Software Engineering At Google Part I
As one of the authors said in preface: “I have always been endlessly fascinated with the details of how Google does things. I have grilled my Googler friends for information about the way things really work inside of the company. How do they manage such a massive, monolithic code repository without falling over? How do tens of thousands of engineers successfully collaborate on thousands of projects? How do they maintain the quality of their systems?”
These and many other questions are my questions, and I guess yours too. If you want to get answer to these questions, I strongly recommend you this book.
Does these technics work for us?
It depends! You might find some of these technics useful for your team or your comapny. Eventually you have to find “your way” of doing complex things. But this books in my opinion, can be very helpful. I want to share some highlights of this book with you here.
Chapter 1: What Is Software Engineering?
- Programming is the immediate act of producing code.
- Software engineering isn’t programming.
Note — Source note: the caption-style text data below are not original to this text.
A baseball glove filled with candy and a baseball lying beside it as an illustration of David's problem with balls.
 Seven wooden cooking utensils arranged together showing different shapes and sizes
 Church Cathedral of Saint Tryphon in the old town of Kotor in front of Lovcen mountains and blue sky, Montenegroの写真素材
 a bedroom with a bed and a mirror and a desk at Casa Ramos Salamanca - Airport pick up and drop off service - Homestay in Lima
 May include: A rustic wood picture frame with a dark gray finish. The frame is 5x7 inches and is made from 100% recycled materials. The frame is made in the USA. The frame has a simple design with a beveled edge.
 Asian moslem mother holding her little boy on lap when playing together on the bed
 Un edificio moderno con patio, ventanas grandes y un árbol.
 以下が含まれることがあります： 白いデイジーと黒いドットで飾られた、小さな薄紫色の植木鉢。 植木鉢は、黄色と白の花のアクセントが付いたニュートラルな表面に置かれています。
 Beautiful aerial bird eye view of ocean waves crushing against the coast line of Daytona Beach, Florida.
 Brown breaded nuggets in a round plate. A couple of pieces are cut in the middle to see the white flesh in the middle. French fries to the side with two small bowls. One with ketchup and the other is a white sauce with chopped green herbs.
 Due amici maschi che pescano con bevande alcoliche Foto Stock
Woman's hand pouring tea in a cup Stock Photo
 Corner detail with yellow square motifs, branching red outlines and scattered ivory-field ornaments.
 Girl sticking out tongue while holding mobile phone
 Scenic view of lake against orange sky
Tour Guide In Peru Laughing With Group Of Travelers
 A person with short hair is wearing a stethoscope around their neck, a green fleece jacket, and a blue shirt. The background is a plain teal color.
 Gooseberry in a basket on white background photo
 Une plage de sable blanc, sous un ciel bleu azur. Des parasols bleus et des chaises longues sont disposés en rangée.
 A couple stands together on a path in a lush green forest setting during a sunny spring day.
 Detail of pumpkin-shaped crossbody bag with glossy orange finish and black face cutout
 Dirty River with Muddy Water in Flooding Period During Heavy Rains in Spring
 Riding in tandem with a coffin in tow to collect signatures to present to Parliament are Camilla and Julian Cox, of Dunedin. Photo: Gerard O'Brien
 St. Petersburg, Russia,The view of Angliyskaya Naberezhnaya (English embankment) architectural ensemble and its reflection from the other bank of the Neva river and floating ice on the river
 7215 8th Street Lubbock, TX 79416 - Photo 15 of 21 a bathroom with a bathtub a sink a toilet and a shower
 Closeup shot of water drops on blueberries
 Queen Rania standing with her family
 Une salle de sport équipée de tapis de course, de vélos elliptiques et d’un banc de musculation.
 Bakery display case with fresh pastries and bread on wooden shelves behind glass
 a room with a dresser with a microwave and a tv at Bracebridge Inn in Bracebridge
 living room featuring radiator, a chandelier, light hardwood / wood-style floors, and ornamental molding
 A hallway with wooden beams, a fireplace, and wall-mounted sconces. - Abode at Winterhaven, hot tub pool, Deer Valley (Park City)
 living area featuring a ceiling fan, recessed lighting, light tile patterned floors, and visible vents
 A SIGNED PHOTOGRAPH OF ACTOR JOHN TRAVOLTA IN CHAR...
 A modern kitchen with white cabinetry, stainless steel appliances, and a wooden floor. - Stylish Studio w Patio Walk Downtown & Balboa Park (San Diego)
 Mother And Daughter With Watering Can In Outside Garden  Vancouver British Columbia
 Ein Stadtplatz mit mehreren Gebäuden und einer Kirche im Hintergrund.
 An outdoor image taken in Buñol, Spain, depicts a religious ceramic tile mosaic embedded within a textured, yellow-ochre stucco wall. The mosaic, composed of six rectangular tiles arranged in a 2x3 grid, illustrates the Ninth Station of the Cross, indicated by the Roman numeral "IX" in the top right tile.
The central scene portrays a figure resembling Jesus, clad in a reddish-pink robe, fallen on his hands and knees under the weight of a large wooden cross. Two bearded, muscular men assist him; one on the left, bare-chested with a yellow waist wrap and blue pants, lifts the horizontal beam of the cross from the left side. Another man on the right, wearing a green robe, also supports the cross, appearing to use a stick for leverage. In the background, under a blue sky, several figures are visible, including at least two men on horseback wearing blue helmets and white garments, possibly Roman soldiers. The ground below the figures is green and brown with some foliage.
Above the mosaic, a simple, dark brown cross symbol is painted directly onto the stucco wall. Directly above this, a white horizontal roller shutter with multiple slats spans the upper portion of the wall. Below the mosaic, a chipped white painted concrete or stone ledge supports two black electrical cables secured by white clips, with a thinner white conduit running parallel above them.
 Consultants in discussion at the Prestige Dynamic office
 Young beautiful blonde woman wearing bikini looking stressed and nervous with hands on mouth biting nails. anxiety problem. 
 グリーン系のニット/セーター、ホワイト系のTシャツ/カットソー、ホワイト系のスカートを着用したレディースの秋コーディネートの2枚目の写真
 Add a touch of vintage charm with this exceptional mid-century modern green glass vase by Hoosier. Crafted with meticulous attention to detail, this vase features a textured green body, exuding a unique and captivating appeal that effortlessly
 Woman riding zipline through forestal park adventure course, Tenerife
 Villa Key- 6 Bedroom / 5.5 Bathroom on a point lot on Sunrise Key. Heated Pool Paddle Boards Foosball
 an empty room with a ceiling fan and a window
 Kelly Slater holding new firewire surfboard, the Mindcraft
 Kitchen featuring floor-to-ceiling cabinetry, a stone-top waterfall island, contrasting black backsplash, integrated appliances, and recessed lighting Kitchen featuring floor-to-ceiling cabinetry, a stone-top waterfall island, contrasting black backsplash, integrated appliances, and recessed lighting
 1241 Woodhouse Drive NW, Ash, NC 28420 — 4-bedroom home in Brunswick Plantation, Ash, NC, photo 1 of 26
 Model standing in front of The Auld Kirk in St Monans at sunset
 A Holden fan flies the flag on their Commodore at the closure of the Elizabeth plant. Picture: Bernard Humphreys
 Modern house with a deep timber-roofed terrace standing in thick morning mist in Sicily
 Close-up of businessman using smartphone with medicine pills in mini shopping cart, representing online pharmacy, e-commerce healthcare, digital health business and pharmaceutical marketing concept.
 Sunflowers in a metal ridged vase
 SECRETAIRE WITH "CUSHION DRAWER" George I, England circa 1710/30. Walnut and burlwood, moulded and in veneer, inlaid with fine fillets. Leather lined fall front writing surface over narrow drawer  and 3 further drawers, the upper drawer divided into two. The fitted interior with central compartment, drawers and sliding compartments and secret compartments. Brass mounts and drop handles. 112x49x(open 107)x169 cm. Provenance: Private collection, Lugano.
It is programming integrated over time.
- Software engineering is the set of policies, practices, and tools that are necessary to make that code useful for as long as it needs to be used and allowing collaboration across a team.
- Hyrum’s Law: With a sufficient number of users of an API, it does not matter what you promise in the contract: all observable behaviors of your system will be depended on by somebody.
- We’ll readily commit to “For most projects, over a long enough time period, everything underneath them might need to be changed.”
- If costs [of changing something] grow superlinearly over time, the operation clearly is not scalable.
- The more frequently you change your infrastructure, the easier it becomes to do so.
- Finding problems earlier in the developer workflow usually reduces costs.